I just finished (well, re-finished) Zelazny's classic, Lord of Light.

It's about a space colony, presumably centuries or millenia in the future. The world was not peopled by humans before the colonists' arrival, but there were native beings to be conquered.

Once those beings were conquered, the colonists and their descendants peopled the world. The colonists forced their descendants into a very rustic lifestyle, providing them immortality via reincarnation as their only "modern" convenience.

Presumably because of the reincarnation, the colonists styled themselves after (and were eventually accepted as) Hindu gods. I was very amused to run across the third picture in this collection a few minutes ago, showing one who featured prominently in the story.

The story starts, as I said, hundreds or thousands of years later. Two of the gods are reincarnating another (from the ether, rather than from another body), who was known variously as Kalkin, Gautama, Buddha, Maitreya (Lord of Light), and Mahasamatman. But he preferred to drop the maha- and -atman, and just go by Sam. As a resistance to the Hindu gods, he had resurrected Buddhism.

The story documents the struggle between him and the Hindu gods. Interestingly, though, after starting at the one point, it then drops back some length of time (probably 50-70 years, although it never actually says, so I'm guessing) and covers the build-up of how they got to that point. After spending most of the book on that build-up, the last couple of chapters document the final confrontation in the present.

I think I'm probably most amused by the extreme cynicism of the storyteller.
He never claimed to be a god, but then he never claimed not to be a god.
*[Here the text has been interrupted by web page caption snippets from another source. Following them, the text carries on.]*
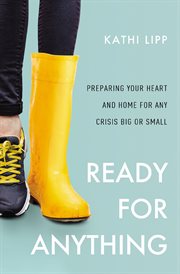 Ready for anything : preparing your heart and home for any crisis big or small cover image cdn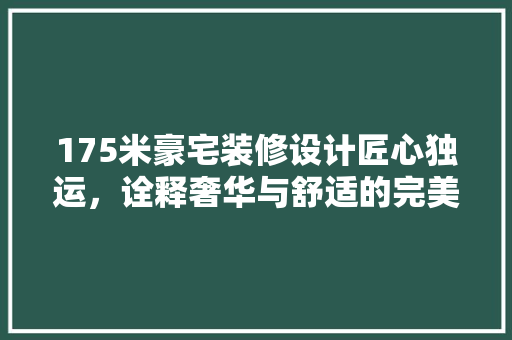 175米豪宅装修设计匠心独运，诠释奢华与舒适的完美融合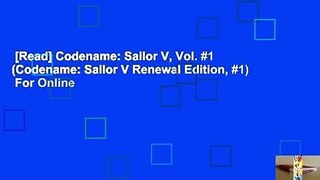 [Read] Codename: Sailor V, Vol. #1 (Codename: Sailor V Renewal Edition, #1)  For Online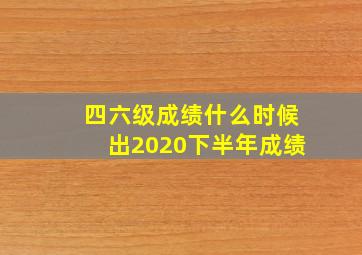 四六级成绩什么时候出2020下半年成绩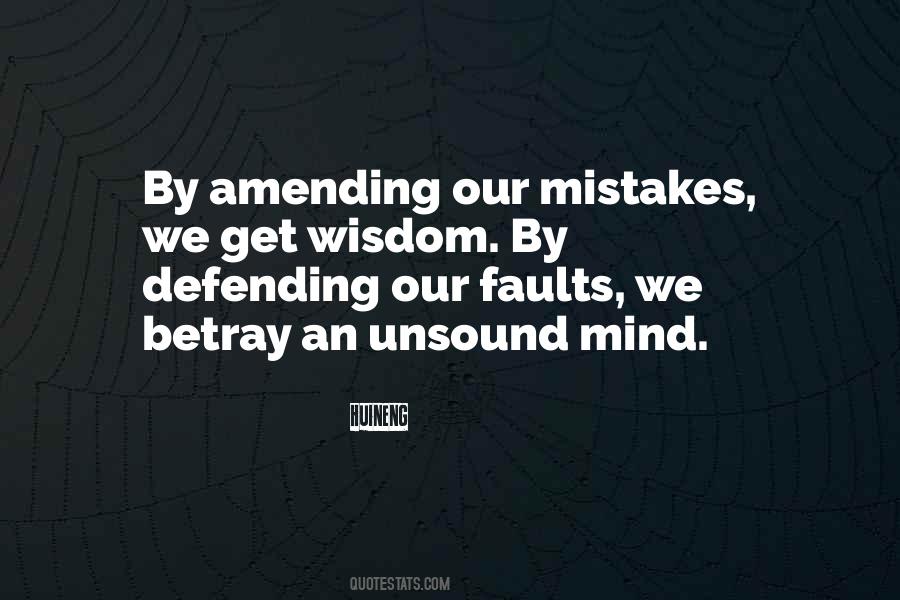 Quotes About Faults And Mistakes #1050122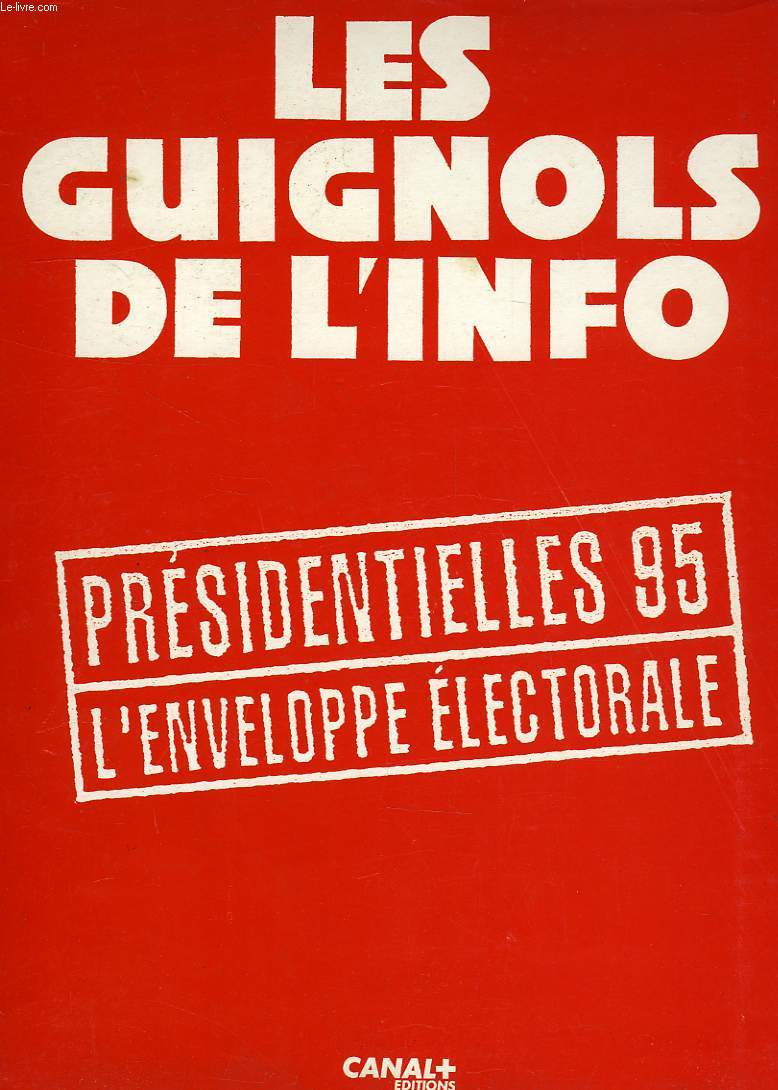 LES GUIGNOLS DE L'INFO, PRESIDENTIELLES 95, L'ENVELOPPE ELECTORALE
Circumstances being what they were, neither admission could be of any benefit. Silence, however, could.


And yet, even in this cynicism, and even with admitting later that he had founded a religion he believed not a word of, he was still able to bring another to enlightenment. And I think that enlightened one did a great deal to rescue the cynicism.

And let's not ignore that it's a pretty compelling story, very well written.

It's Zelazny at his best, and that's saying quite a bit, in my mind.